-
Notifications
You must be signed in to change notification settings - Fork 2.6k
Closed
Labels
Description
Possibly related to #3789
I'm getting
InternalException: INTERNAL Error: Could not find node in column segment tree!
Attempting to find row number "36028797019024731" in 2 nodes
Node 0: Start 36028797018960000, Count 0Node 1: Start 36028797019082880, Count 0
repro, using addresses.parquet.zip
import duckdb
sql = """
CREATE TABLE addresses(
address__id UUID PRIMARY KEY NOT NULL,
person__id UUID NOT NULL,
street1 VARCHAR,
street2 VARCHAR,
city VARCHAR,
state VARCHAR,
zipcode VARCHAR,
country VARCHAR,
mailing_status VARCHAR,
is_mailing BOOLEAN,
is_voting BOOLEAN,
latitude DOUBLE,
longitude DOUBLE,
last_updated DATE,
source VARCHAR,
);
INSERT OR REPLACE INTO addresses
FROM
read_parquet('addresses.parquet')
-- WHERE address__id <> '8753b9f7-46fc-4fd5-b318-de20305d5462'
;
"""
ddb = duckdb.connect(":memory:")
ddb.sql(sql)
In the attached parquet there is one duplicate uuid, "8753b9f7-46fc-4fd5-b318-de20305d5462". If you uncomment the one line in the SQL, then no error.

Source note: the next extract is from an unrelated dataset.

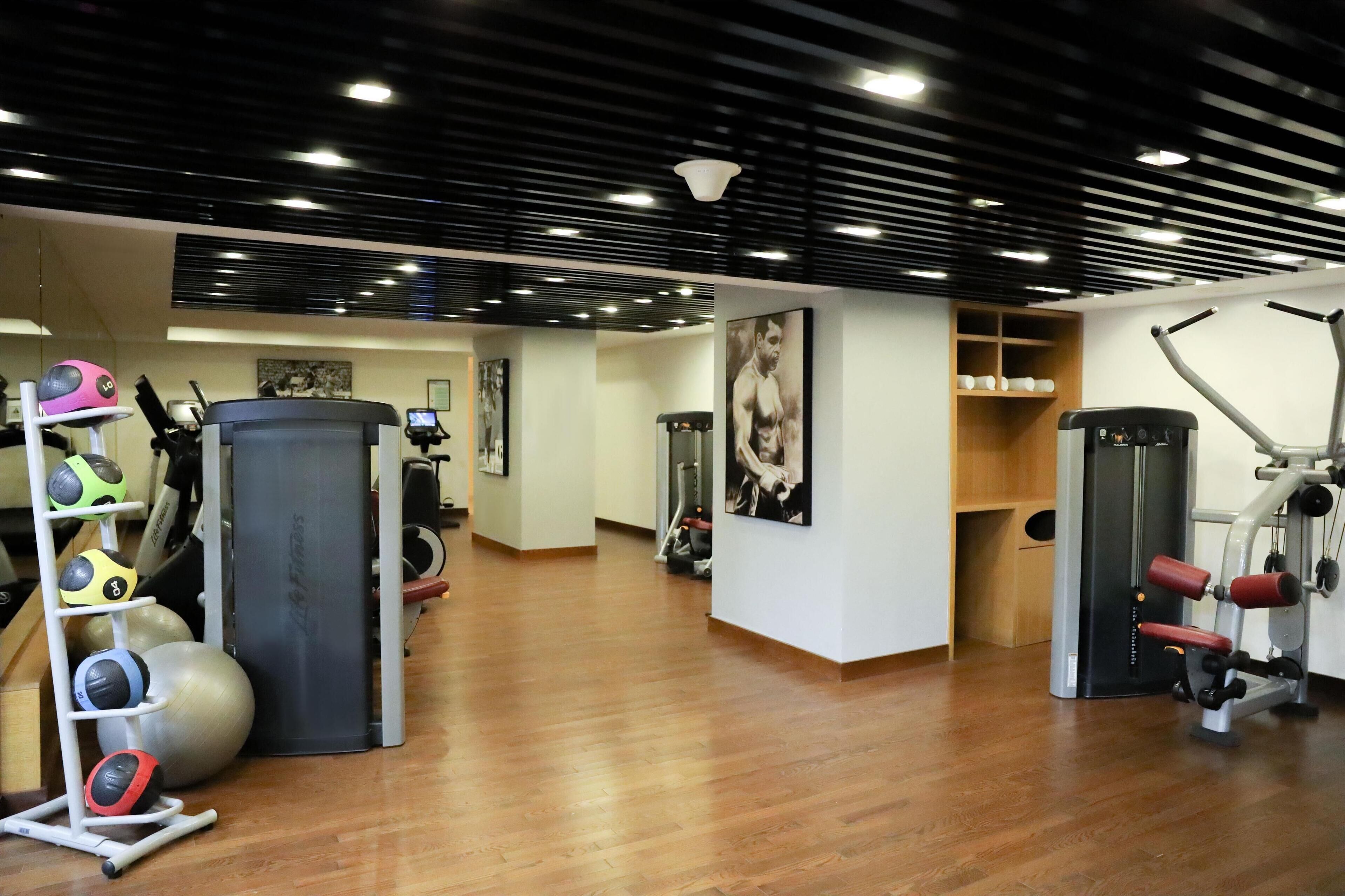 fitness facility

Things I've experimented with
- reduce the number of rows in the parquet file: I get a normal ConstraintException
- reorder the rows so the dupe rows are at the beginning of the file: I get a normal ConstraintException
- drop some of the other columns from the DDL and the parquet: I get a normal ConstraintException
I am on a nightly build duckdb-0.10.3.dev601
, running on a mac M1.